Could we militarily defeat Iran? Of course, but not withhout severe economic consequences, and excessive loss of life.

Could we knock out thier underground nuclear development facilities? Not entirely, at least with conventional weapons, but we could stop any supplies from moving in or out. We could also isolate the development facilities without bringing about an oil crisis.

Any operation against Iran will have to be a prolonged stand off attack against selected targets. We are currently preparing for this.

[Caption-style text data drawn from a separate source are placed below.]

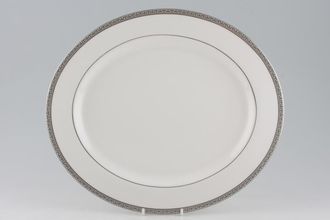 Sell Royal Worcester Corinth - Platinum Oval Platter 13 1/4"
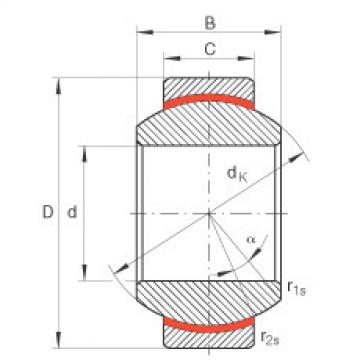 Radial spherical plain bearings - GE10-FW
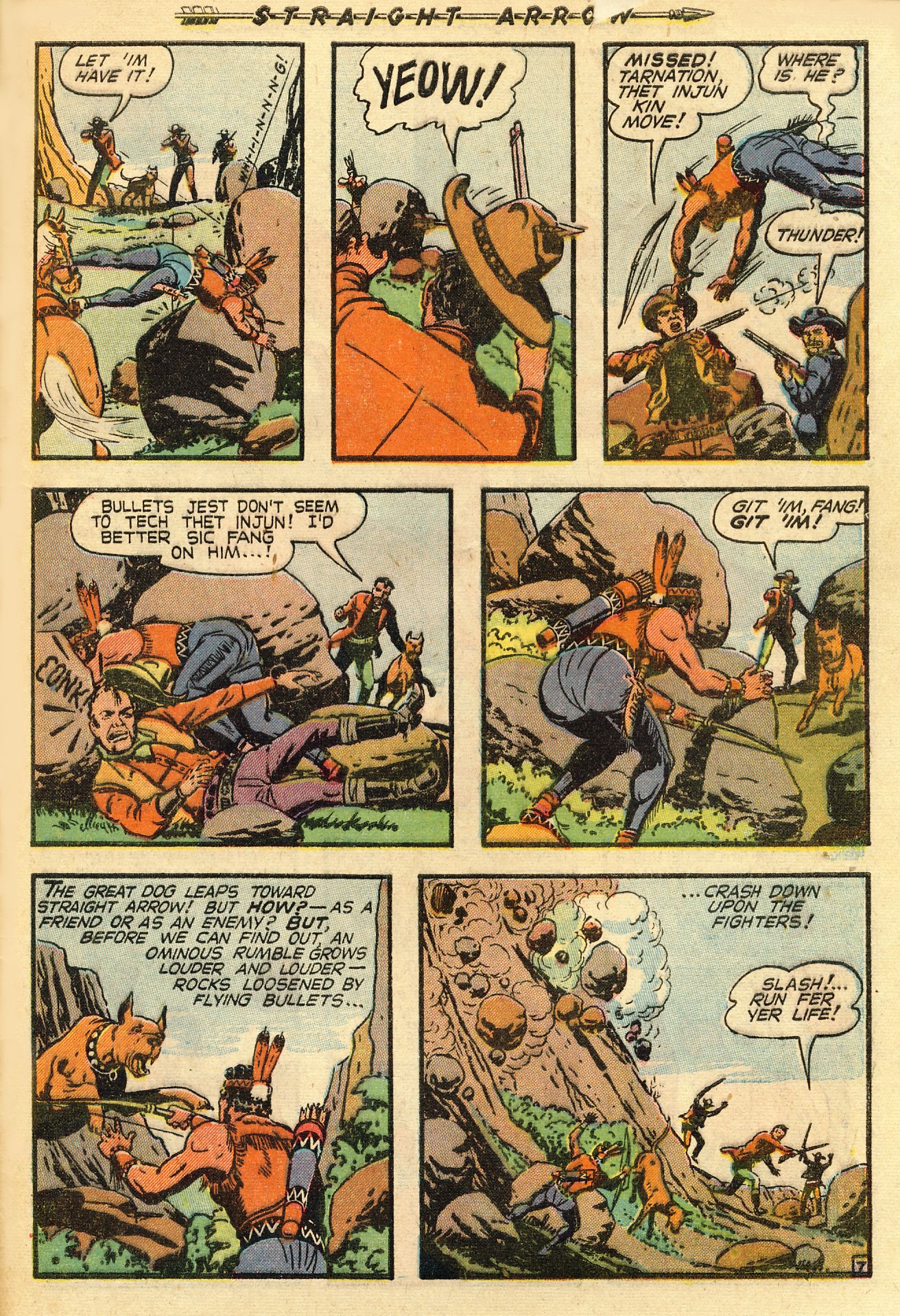 Read online Straight Arrow comic -  Issue #8 - 33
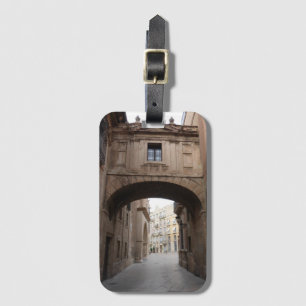 Spanien Reiseziel Gepäckmarke Gepäckanhänger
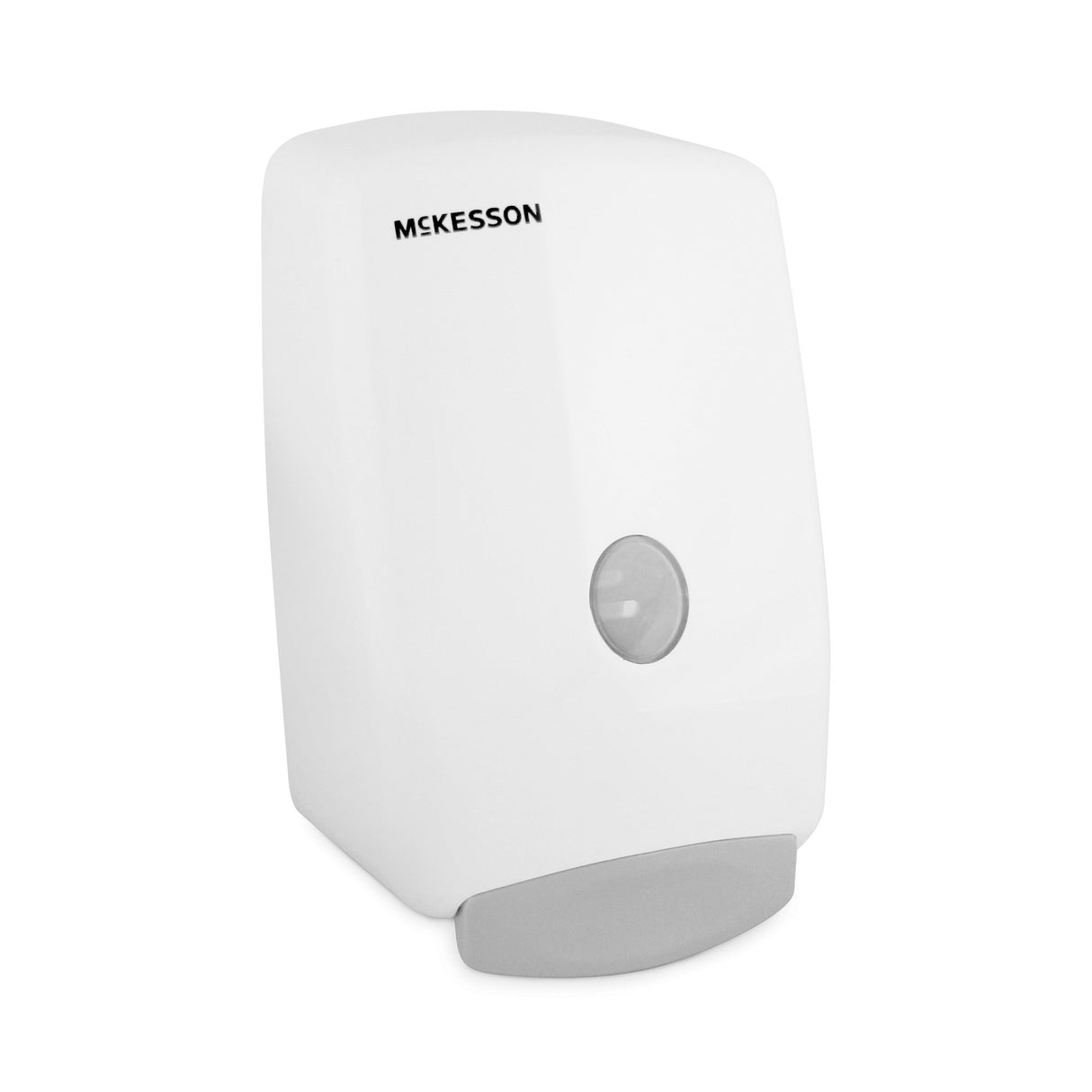 Soap Dispenser McKesson White Plastic Manual Push 2000 mL Wall Mount - BeHope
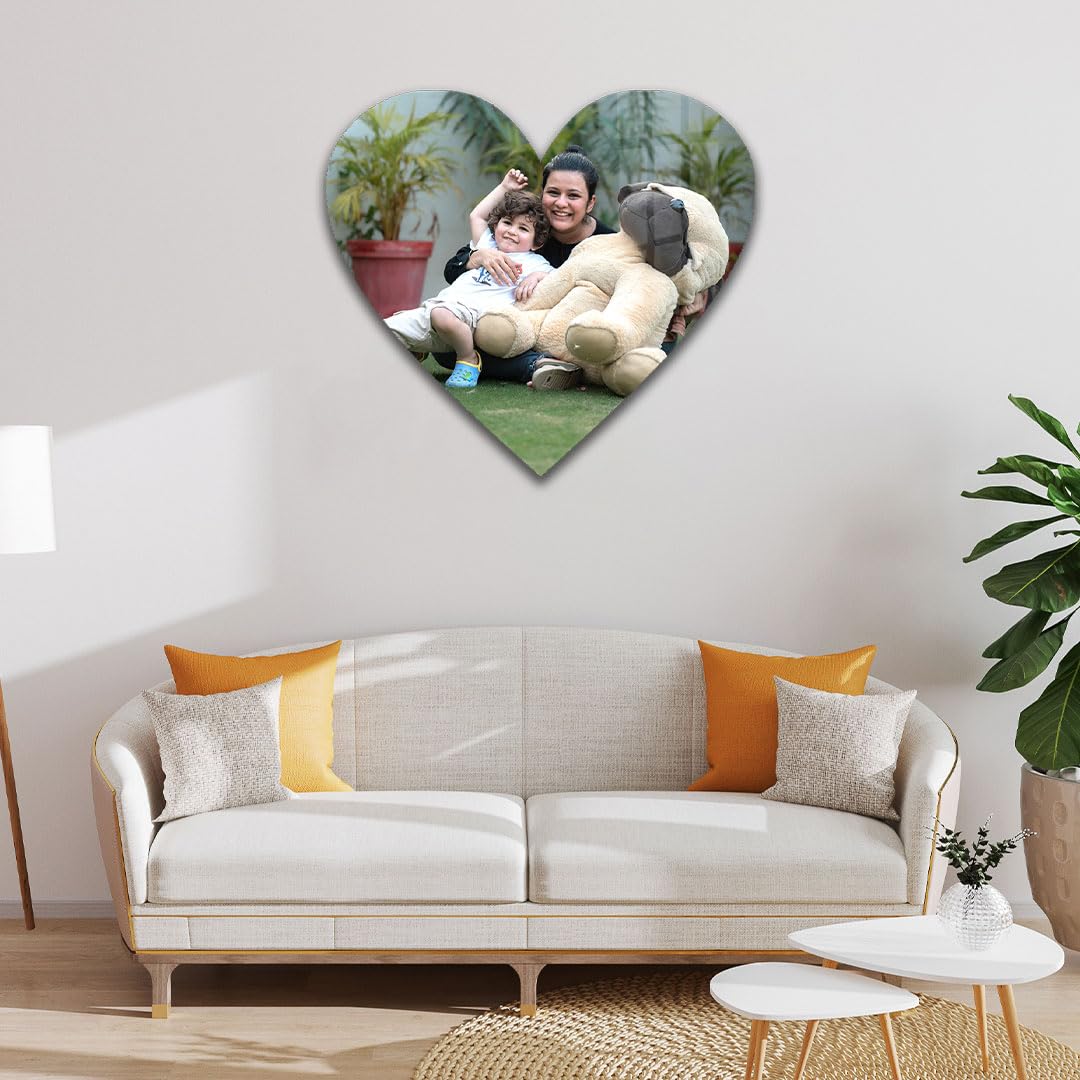 SNAPTRAP Heart acrylic photo frame, 12 x 11 in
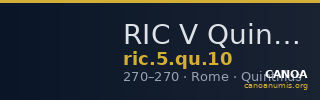 RIC V Quintillus 10 — CANOA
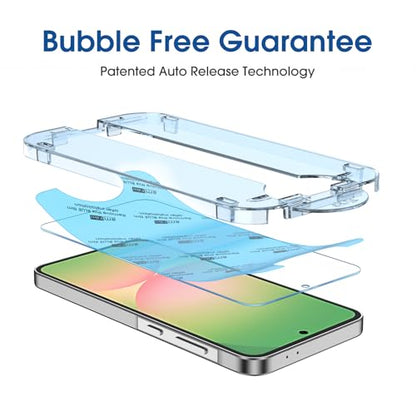 amFilm OneTouch for Samsung Galaxy A56 Screen Protector Tempered Glass - size: A56-6.7"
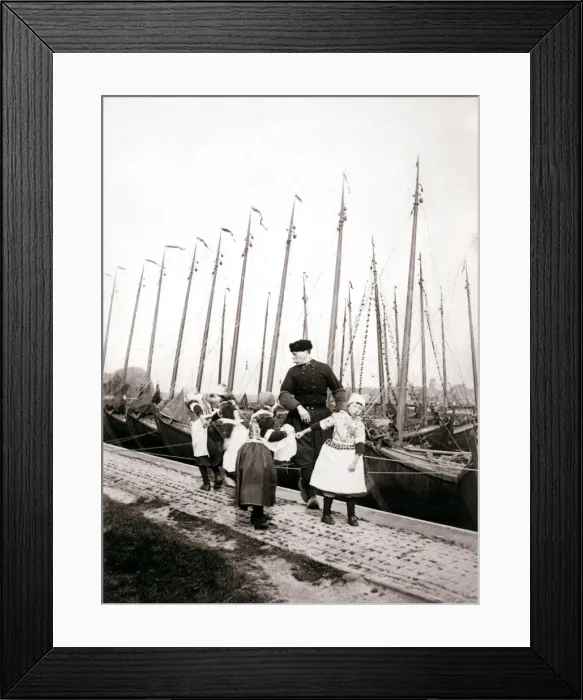 Framed Print : People of Marken Island, Netherlands, 1898. Artist: James Batkin Framed Print : People of Marken Island, Netherlands, 1898. Artist: James Batkin
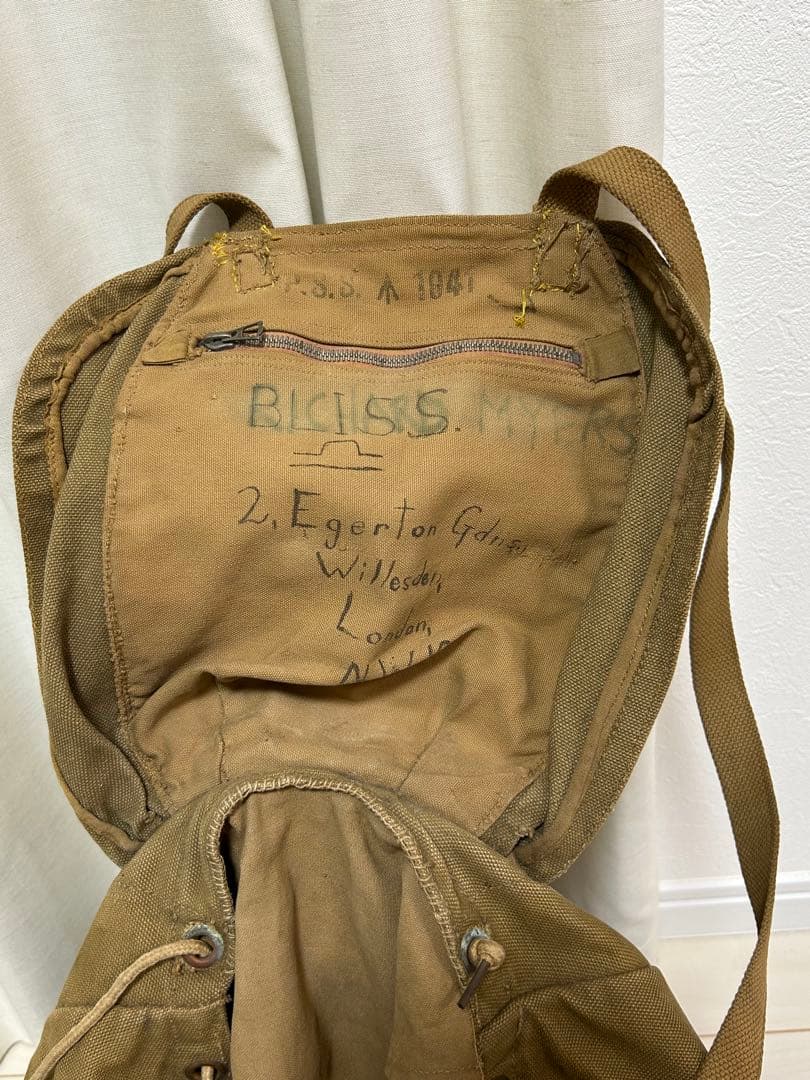 WW2 イギリス軍　大型リュック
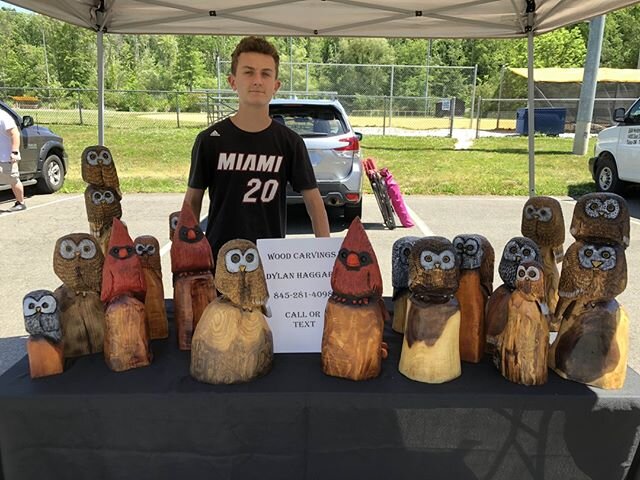 West Milford native, Dylan Haggart, is here with his hand made wood carvings! Today he&rsquo;s featuring intricate owl carvings and beautiful cardinal pieces. Come say hi 👋 from 3-7PM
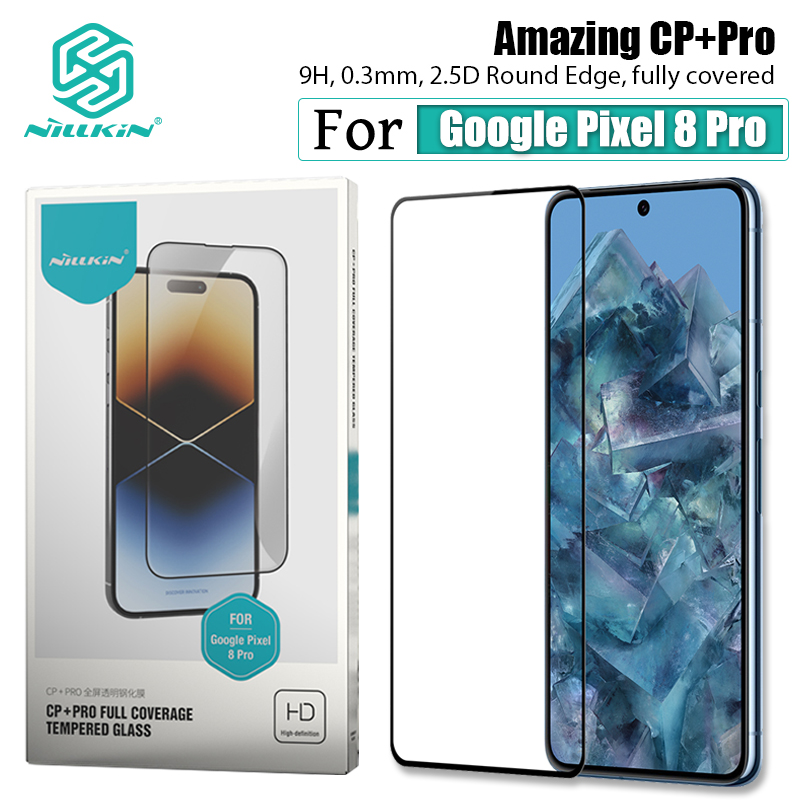 Nillkin 2.5D Full Cover Tempered glass for Google Pixel 8 Pro Screen Protectors CP + Pro Explosion-Proof Protective Tempered Glass Film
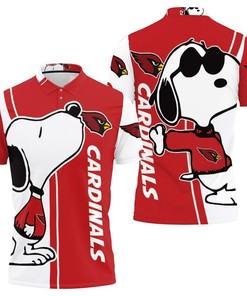 Arizona Cardinals Snoopy Lover 3D Printed Polo Shirt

The new capabilities that Block IV Tomahawk brings to the Navy's sea
strike capability are derived from the missile's two-way satellite data link
that enables the missile to respond to changing battlefield conditions. The
strike controller can "flex" the missile in flight to preprogrammed alternate
targets or redirect it to a new target. This targeting flexibility includes
the capability to loiter over the battlefield awaiting a more critical target.
The missile can also transmit battle damage indication imagery and missile
health and status messages via the satellite data link. For the first time,
firing platforms will have the capability to plan and execute Global
Positioning System-only missions. Block IV will also introduce an improved
anti-jam GPS receiver for enhanced mission performance.
The Navy and Raytheon are entering into a five-year procurement contract
to replenish Tomahawk inventory at the most affordable cost. The legacy
program Tomahawk missile is the Navy's weapon of choice for critical, long-
range precision strike missions against high value, heavily defended targets.
The Block IV costs about half the price of a newly built Block III missile.
http://www.prnewswire.com/cgi-bin/micro_stories.pl?ACCT=149999&TICK=RTN&STORY=/www/story/08-18-2004/0002234457&EDATE=Aug+18,+2004 [Broken]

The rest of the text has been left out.